Les États-Unis ont été les premiers à se prononcer sur leur vote en faveur de la résolution sur le Sahara marocain. Saluant un « vote historique », le représentant américain au conseil de sécurité a réaffirmé son soutien « résolu » à une paix durable au Sahara et a exhorté toutes les parties à engager des discussions « sérieuses » sur la base du plan d’autonomie marocain, qualifié de « crédible et réaliste ».

Dans l’explication du vote, le représentant américain Michael Waltz a souligné que cette résolution « saisit un moment unique » et s’appuie sur un élan en faveur d’une paix attendue depuis longtemps dans la région.

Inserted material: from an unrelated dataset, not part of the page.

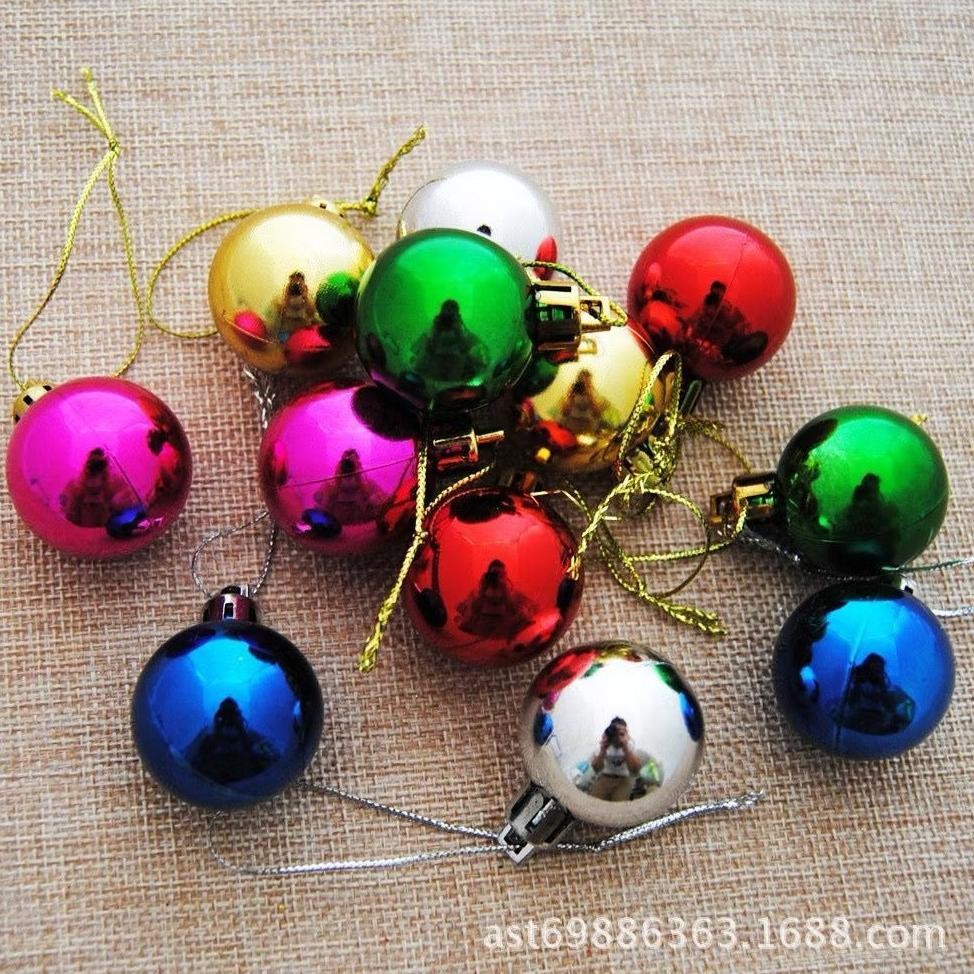 Bola Natal Gantungan Pohon Natal - Aksesoris Christmas Tree - Warna Warni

Il a exprimé la reconnaissance de son pays pour les efforts de l’Envoyé personnel du Secrétaire général, Staffan de Mistura, et a salué le rôle « vital » de la Minurso, dont le mandat a été prolongé jusqu’en octobre 2026.

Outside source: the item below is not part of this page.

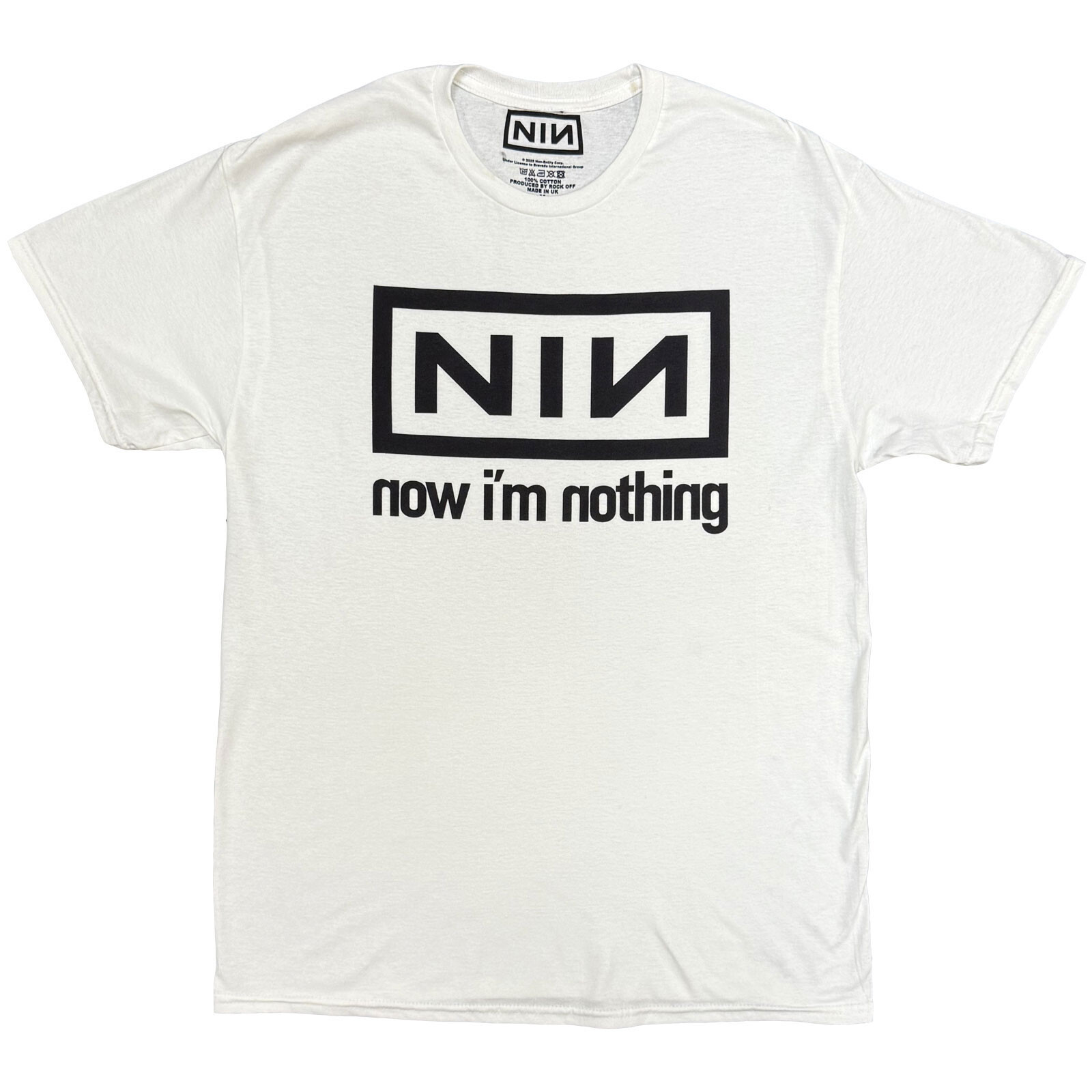 Nine Inch Nails tričko Now I'm Nothing Biela S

Le diplomate américain a insisté sur l’engagement personnel et « résolu » du président Trump en faveur de la paix. « Nous sommes profondément engagés à soutenir une solution mutuellement acceptable » au Sahara et à « résoudre ce problème de longue date », a-t-il déclaré.

 

Michael Waltz a remercié l’ensemble des membres du Conseil pour leur engagement « constructif » dans l’élaboration de la résolution, affirmant qu’un « effort sincère » avait été fait pour intégrer les nombreuses propositions soumises par les différentes délégations.

L’intervention américaine s’est conclue par un appel pressant à toutes les parties. « Nous exhortons toutes les parties à se mettre à la table des négociations pendant les semaines à venir », a lancé le représentant US. Il a clairement défini le cadre de ces futures discussions : « Engager des discussions sérieuses en utilisant la proposition d’autonomie crédible et réaliste du Maroc comme seule base pour une solution juste et durable au différend ».

Sur une note optimiste, il a affirmé que les États-Unis « croient que la paix régionale est possible cette année ». Washington s’est ainsi engagé à « faire tout son possible pour faciliter les progrès » vers cet objectif commun de paix et de prospérité.